Okay, die Lektor*innen haben also die Minute nicht, da sie dann entsprechend weniger Angebote durchschauen können, und das ist ihre Hauptaufgabe, denn nur über die gefundenen Nuggets finanziert sich die Agentur.
Da kommt in mir die Frage hoch, wie lange sich die Leute denn jedes Angebot überhaupt anschauen, wenn ein paar Klicks so sehr ins Gewicht fallen. Absagen verschicken kann ja im Übrigen auch ein Praktikant, dafür braucht man kein Fachwissen. Stapel durchsehen, E-Mails schicken.
Ich weiß schon, dass die Agenturen nichts direkt davon haben, wenn sie diese Minute investieren. So wie ein Autor auch nichts direkt davon hat, wenn er sich an die Forderung hält, das Angebot nicht zeitgleich auch noch anderen zu unterbreiten.

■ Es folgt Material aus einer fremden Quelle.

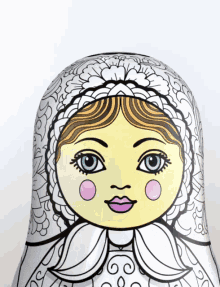 a close up of a russian doll with a yellow face and blue eyes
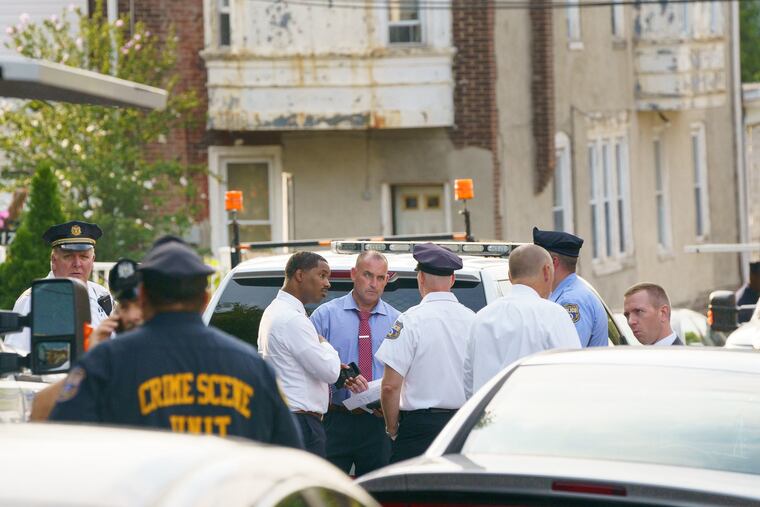 Police investigate the shooting of a police officer on the 4800 block of Knox Street, in Philadelphia, Monday.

Nur indirekt haben beide Seiten etwas davon, wenn sie sich mit Respekt behandeln. Es ist eine Frage des Anstandes, der langfristig eben doch das Zusammenleben verbessert.
Zusammenfassend lässt sich sagen, dass ich noch nicht klar sehe, wie meine Strategie als Einsteiger sein sollte.
Agenturen wollen nur Angebote, die noch kein Verlag (oder möglichst wenige) abgelehnt hat. Daher liegt nahe, erst einmal alle Agenturen abzuklappern, und wenn sich da keine findet, die Verlage im Anschluss (denn ein Verlag sollte kein Problem damit haben, dass Agenturen kein Interesse hatten).
Dem steht aber das eigentümliche Verhalten der Agenturen entgegen, die oben genannte Absage per Wartezeit und die Exklusivität.
Zudem lese ich hier (und anderswo) vermehrt, dass die Zusammenarbeit mit einer Agentur nicht unbedingt ein Zuckerschlecken ist, oft geprägt von langen Wartezeiten und Vernachlässigungsgefühlen. Wie ist es, wenn ich einen Vertrag mit einem Agenten habe und dann das Gefühl habe, da passiert nichts? Kann ich ihm das Mandat wieder entziehen? Mir einen anderen suchen? Oder sind ich und mein Werk dann womöglich an jemanden gekettet, der es in der Schublade verrotten lässt?
Muss ich davon ausgehen, dass mein Agent eine weitere Schicht ist, die mein Werk in den (von mir akzeptierten, sonst wäre ich ja nicht auf diesem Pfad) kommerziellen Mainstream pressen will? Wird es so sein, dass erst mein Agent mein Werk verändert, dann einen Verlag gewinnen kann und dann der Verlag das noch einmal tut? Wenn das das zu Erwartende ist, kann man argumentieren, dass beide Schritte das Werk ja verbessern sollen. Aber ich habe den Verdacht, dass dann auch eine Menge Hin und Her zu erwarten ist. Die Metapher der Vielen Köche drängt sich mir auf.
Oder ist nach der Einflussnahme des Agenten in der Regel Schluss (weil dann üblicherweise alle Schwächen ausgemerzt sind) und Verlage übernehmen das Werk so, wie es ist?
Oder schätze ich Agenten da grundsätzlich falsch ein, nehmen die ein Werk eher so, wie es ist, und legen es Verlagen ans Herz, auf dass diese die Schwächen bearbeiten?